Between adult swim programs (some of which can be as short as seven minutes), minimalist title cards, subliminal messaging, and abstract art/photography, accompanied by hiphop, jazz, and electronic music, round out the frenetic collection of shorts, episodes, and bumps into an entire nightly viewing experience. I can (and more often than not, do) fall asleep after hours of late-night unwinding to adult swim programming. I’m not going to say it doesn’t get old, but after a decade of doing this, some things just feel satisfyingly familiar. You can find all the bumps adult swim has ever done here. (Warning-don’t click that link if you have anything to do).

The totally manic warden of Superjail, Warden.
I don’t think it would be a stretch to say that Adult swim’s allusive, reflexive and postmodern programming has played a critical part in developing my own bizarre sense of humor throughout the years and still constitute a major portion of my entertainment regimen. Adult swim is home to such new(-ish) gems as Tim and Eric Awesome Show (which features indescribable sketch comedy), Look Around You (which parodies 70s-style BBC programming), and the hilarious and hyperviolent Superjail as well as some classic favorites, several of which repurpose or reimagine classic Hanna Barbara-style cartoons in a new and bizarre way (Harvey Birdman: Attorney at Law, The Venture Brothers, Sealab 2021, and Space Ghost: Coast to Coast, to name a few).

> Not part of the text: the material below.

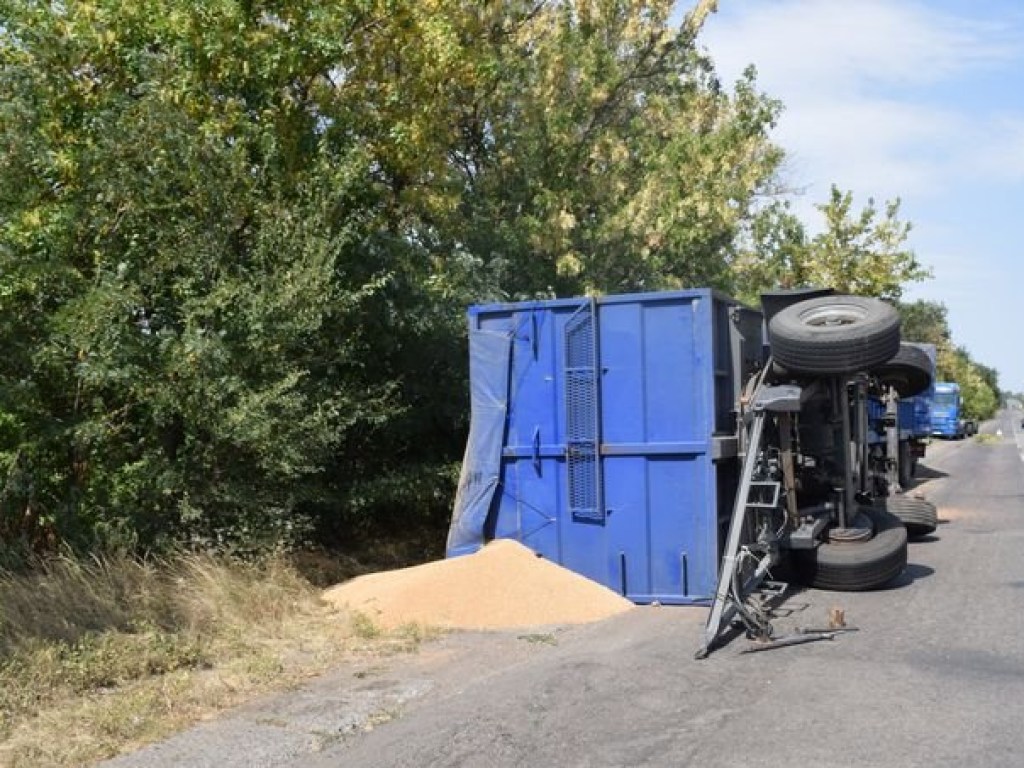 Перевернулся прицеп: Под Николаевом грузовик «засеял» дорогу 10 тоннами пшеницы (ФОТО)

Even though adult swim’s humor is often juvenile, its violence graphic, and its storytelling shallow, I would certainly describe it as intelligent programming on the whole thanks to its combination of interesting visual style, absurd humor, and derivative use of anachronistic characters that combine to create the culturally-eclectic experience I enjoy on a nightly basis.

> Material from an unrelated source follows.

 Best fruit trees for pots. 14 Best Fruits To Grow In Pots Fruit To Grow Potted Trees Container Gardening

To this list of favorite shows, I now begrudgingly add King of the Hill. Although I hate admitting I was ever wrong about something, this realization is obviously bittersweet because I’ve now discovered hundreds of really funny, intelligent, and culturally-aware episodes during what is normally summer rerun doldrums.

The Hills – Bobby, Hank, Peggy, and Luane
King of the Hill takes place in small-town America — fictional Arlen, Texas, a lazy suburb. The protagonist Hank Hill is a propane salesman who, in his leisure time, also enjoys drinking beers with his friends, being a handyman, and usually mitigating whatever problem arises in the episode. He’ is a a down-to-earth man (one self-admittedly devoid of imagination) dedicated to his family and traditional American way of life.
Conflict in many episodes comes from Hank’s difficulty (but not always resistance) in dealing with the rapidly-changing and progressive society around him, in anything from gender norms to race relations to marital problems and sexuality. The show addresses the dangers of ignorance and more often than not resolves with a progressive message. Even though Hank often initially desires to restore equilibrium to his traditional American values by attempting to remain deaf to opposition arguments, he often ends up listening to reason and reevaluating his own moral code. Hank is a reasonable man at his core, and when he sees something not working, be it in carpentry, his effeminate and overweight son, or his attempts to come to terms with his impotency cause by his narrow urethra, he springs for a functional solution.
What took me years to realize was how slyly Mike Judge captures the small-town conservative American mindset and how well the show subtly pokes fun of it using its own rhetoric . Each character has their own faults and shortcomings that represent a backwards or small-minded facet of rural middle class America, and these traits are depicted as weaknesses or disadvantages by the show.
You could imagine some oblivious viewer not realizing the tongue-in-cheek nature of the show and agreeing with a character’s diatribes against homosexuality or one of Peggy’s ridiculously unfounded beliefs. It’s really hilariously subversive–the show draws attention to the ineffectiveness and absurdity of whichever bigoted mindset the episode is assaulting without being didactic, and as a result the reason of the opposition arguments is indirectly supported.

Mhmm. Yup.
So, I take it back. King of the Hill’s subversive message is really pretty good, the characters are far more developed than I initially thought, and I definitely appreciate the show’s particular style of subtle and reserved humor as a departure from the in-your-face and mindless social satires of Family Guy. I shouldn’t have ever doubted you, adult swim.